After nearly five full months of taking blow after blow, apparently it was time to throw in the towel. Reeling New York law firm Dewey & LeBoeuf finally filed for Chapter 11 bankruptcy protection last night in Manhattan federal bankruptcy court.
In addition to the filing, Dewey also announced last night that it is seeking approval to liquidate its business after failing to find a merging partner. The firm said it would ask about 90 employees to remain on staff to assist in winding down the business. It has $315 million in liabilities, with $225 million of that owed to its banks. Former partners, landlords and even janitors are still owed money.
Dewey has assets of about $13 million in cash and about $255 million in accounts receivable and ongoing legal work, according to papers accompanying the filing, the Wall Street Journal reports. Funds should be available to unsecured creditors, the filing said.
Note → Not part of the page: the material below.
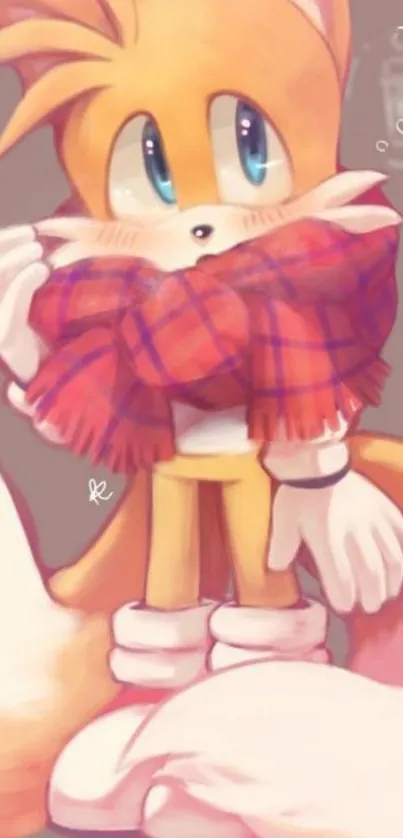 Cute fox with plaid scarf mobile wallpaper.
"During the first quarter of 2012, the firm was confronted with liquidity constraints that led to the precipitous resignation of over 160 of the firm's 300 partners by May 11," the firm said.
At its height, the combined entities of Dewey Ballantine and LeBoeuf, Lamb, Greene & MacRae, which merged in 2007, had about 1,450 attorneys.
The financial trouble began before the merger, however, as LeBoeuf Lamb execs attracted top partners at other firms with massive pay packages that guaranteed millions over a number of years, current and former Dewey partners have said. At the time of the merger, the same practice was employed to retain the two firms’ talent. And the practice continued into this year, and even intensified, despite the mounting debt.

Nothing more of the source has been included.